# Prompt
Among the entries below, the lines from the one with "AMV lucu Zoro&Luffy" up to and including the one with "the water concentration" are to be restated exactly, without pictures.

# Supplied information
━━━━━━━━━━━━━━━━━━━━

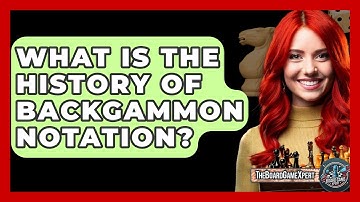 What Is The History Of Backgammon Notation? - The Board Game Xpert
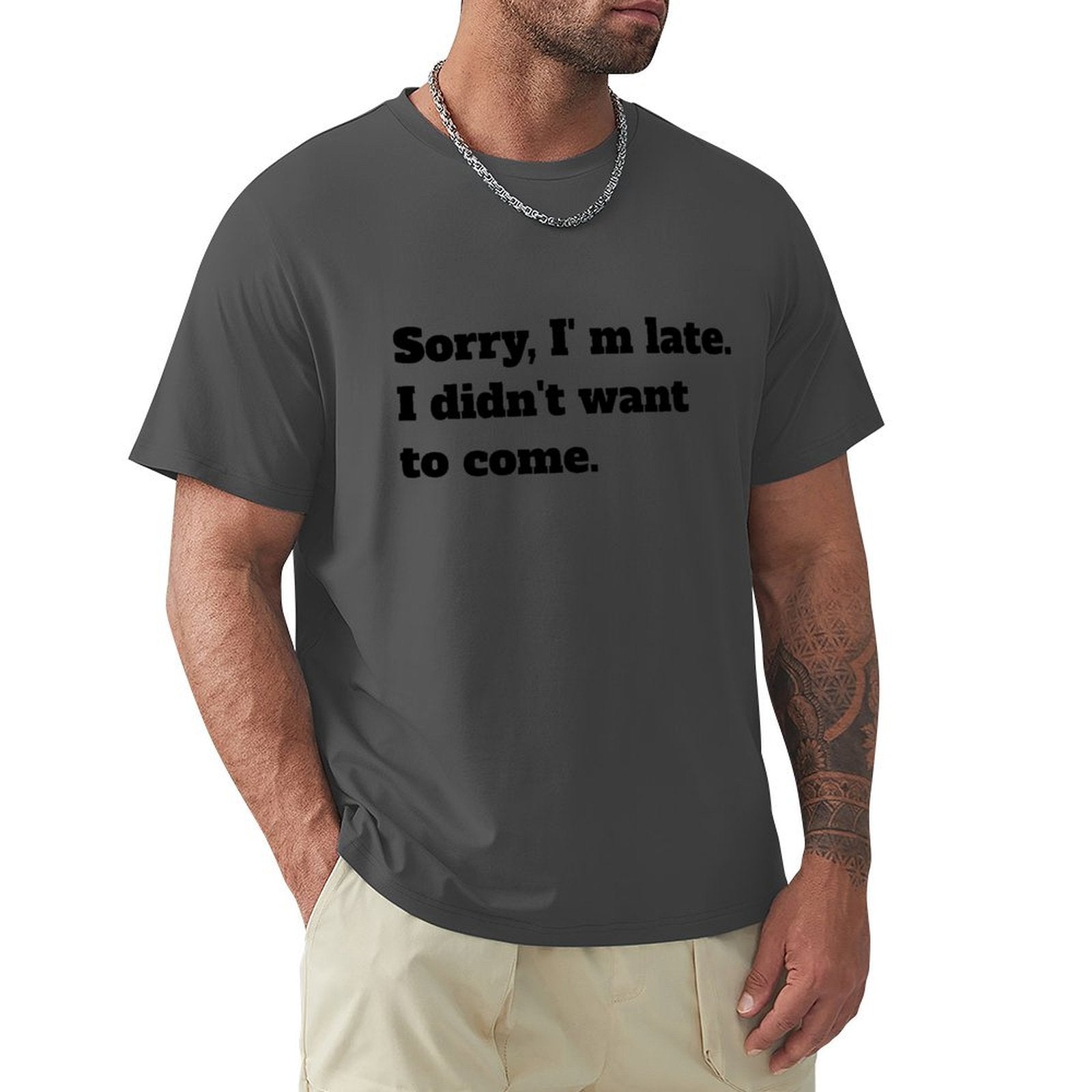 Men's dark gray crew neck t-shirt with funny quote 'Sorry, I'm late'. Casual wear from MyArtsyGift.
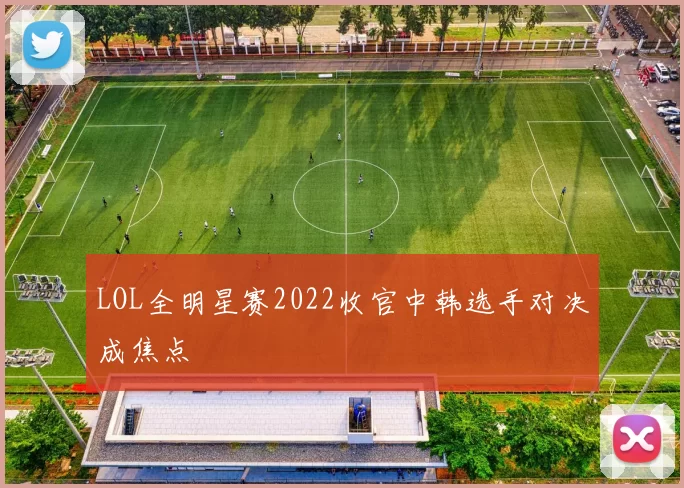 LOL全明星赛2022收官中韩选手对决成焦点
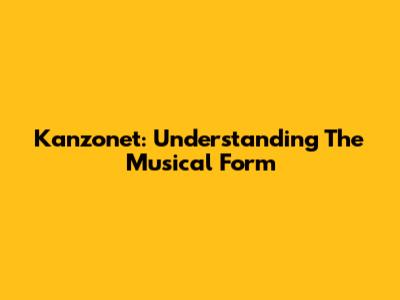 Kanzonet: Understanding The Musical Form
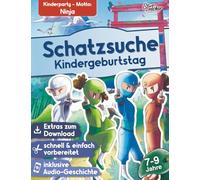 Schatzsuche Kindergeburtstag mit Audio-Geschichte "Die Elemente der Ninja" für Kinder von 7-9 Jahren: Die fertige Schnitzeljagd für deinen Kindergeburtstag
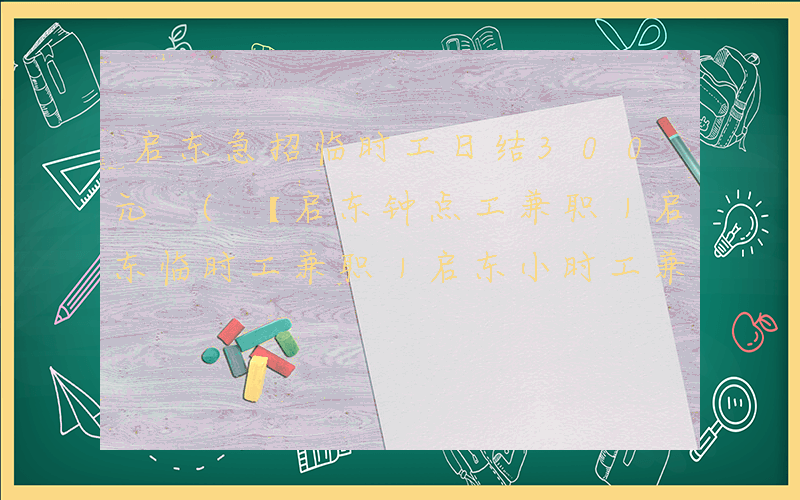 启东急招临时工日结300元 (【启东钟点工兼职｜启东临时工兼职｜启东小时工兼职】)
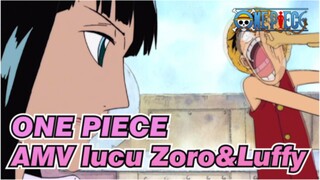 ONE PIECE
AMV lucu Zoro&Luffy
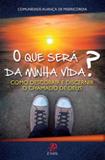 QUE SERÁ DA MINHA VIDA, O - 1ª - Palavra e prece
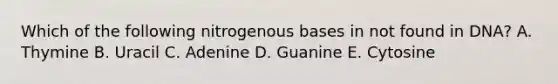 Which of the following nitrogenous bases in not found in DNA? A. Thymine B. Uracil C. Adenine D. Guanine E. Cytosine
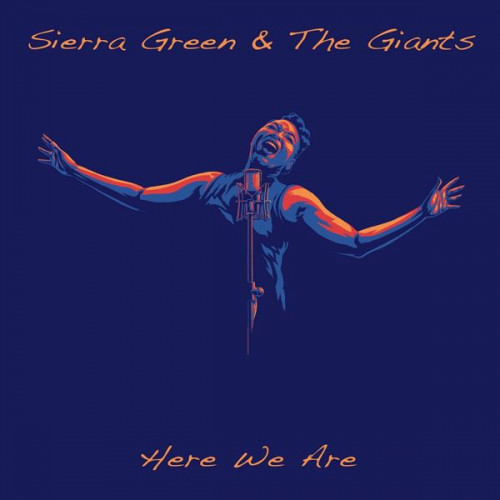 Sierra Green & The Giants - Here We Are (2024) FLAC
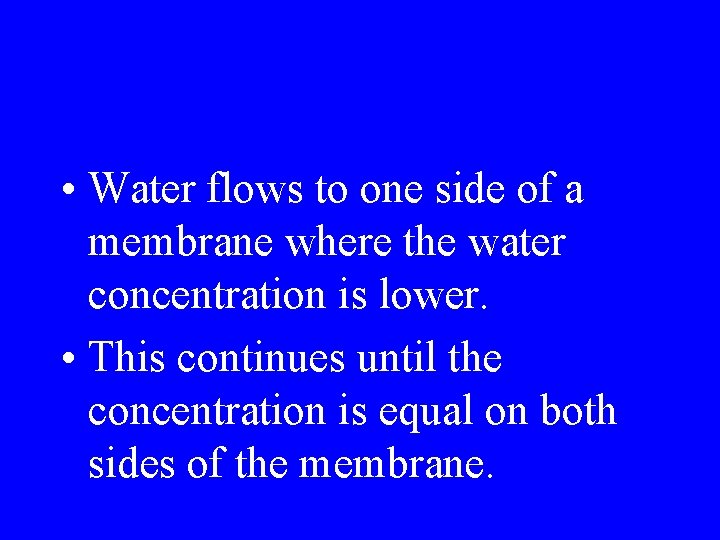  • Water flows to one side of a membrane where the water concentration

━━━━━━━━━━━━━━━━━━━━

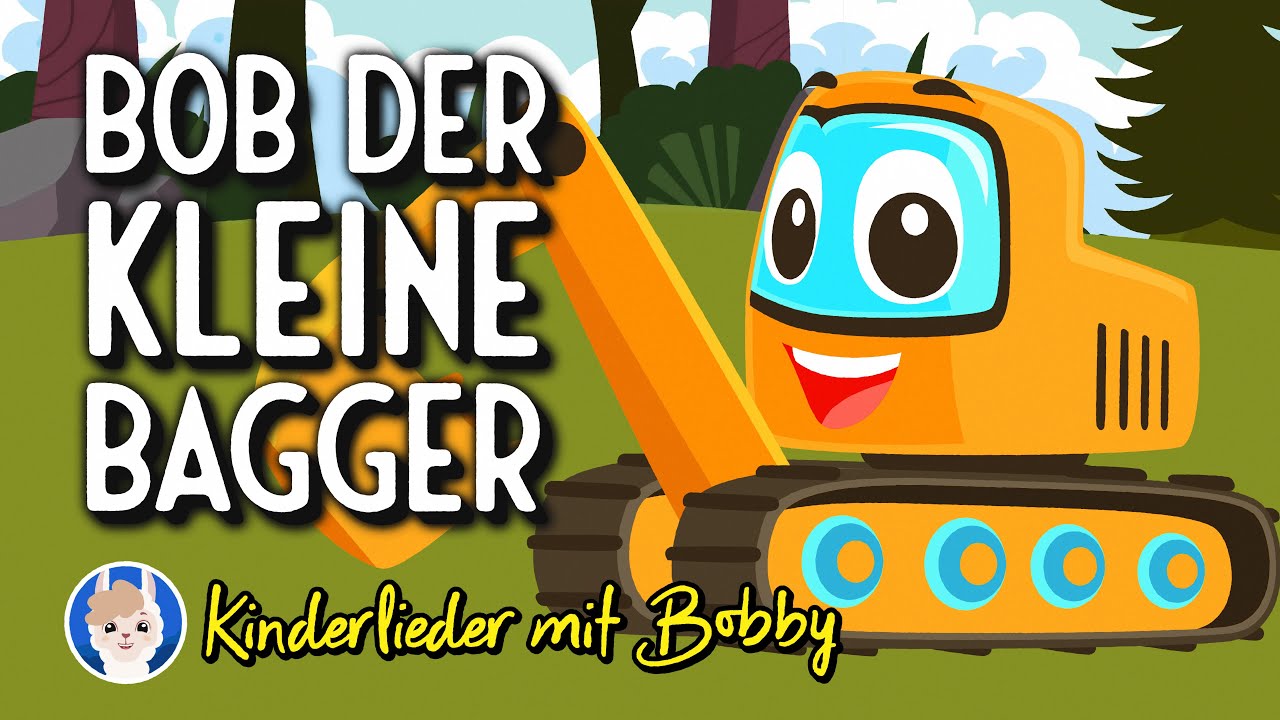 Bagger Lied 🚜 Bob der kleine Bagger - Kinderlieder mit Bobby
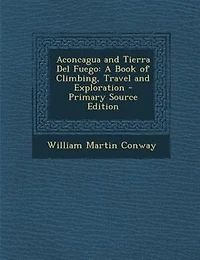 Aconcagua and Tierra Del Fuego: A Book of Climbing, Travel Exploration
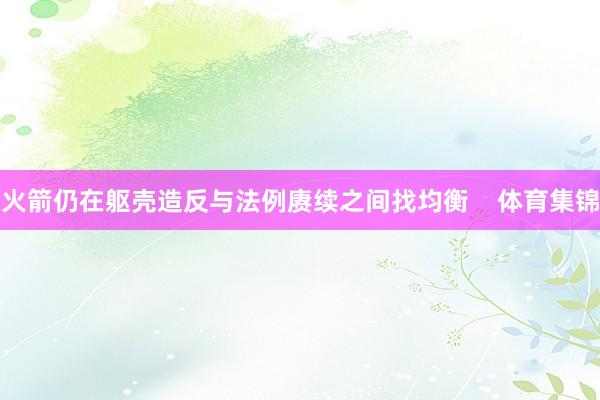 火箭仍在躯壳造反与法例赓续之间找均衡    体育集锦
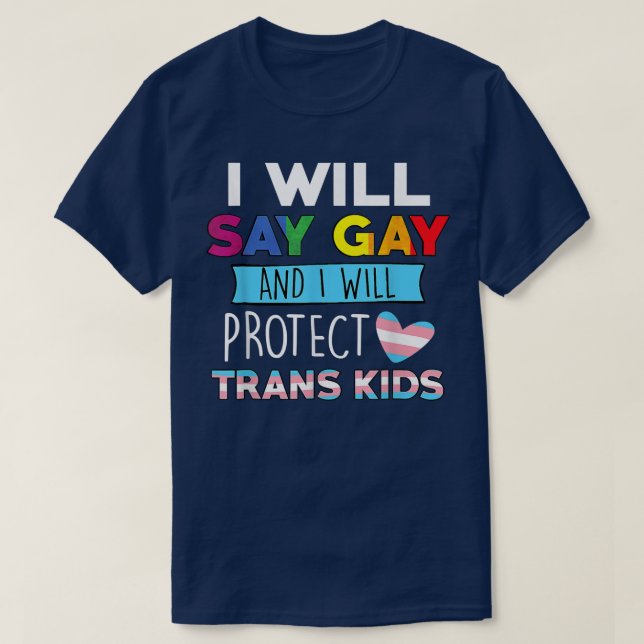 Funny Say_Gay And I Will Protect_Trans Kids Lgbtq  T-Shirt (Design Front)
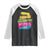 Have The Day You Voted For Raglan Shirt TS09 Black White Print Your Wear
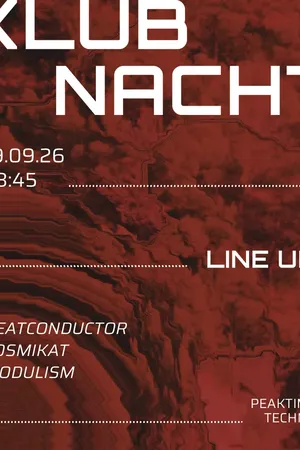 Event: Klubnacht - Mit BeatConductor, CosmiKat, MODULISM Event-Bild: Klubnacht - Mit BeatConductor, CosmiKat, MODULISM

━━━━━━━━━━━━━━━━━━━━

# Answer to the exercise
AMV lucu Zoro&Luffy
 QUE SERÁ DA MINHA VIDA, O - 1ª - Palavra e prece
 Which of the following nitrogenous bases in not found in DNA? A. Thymine B. Uracil C. Adenine D. Guanine E. Cytosine
 Sierra Green & The Giants - Here We Are (2024) FLAC
  • Water flows to one side of a membrane where the water concentration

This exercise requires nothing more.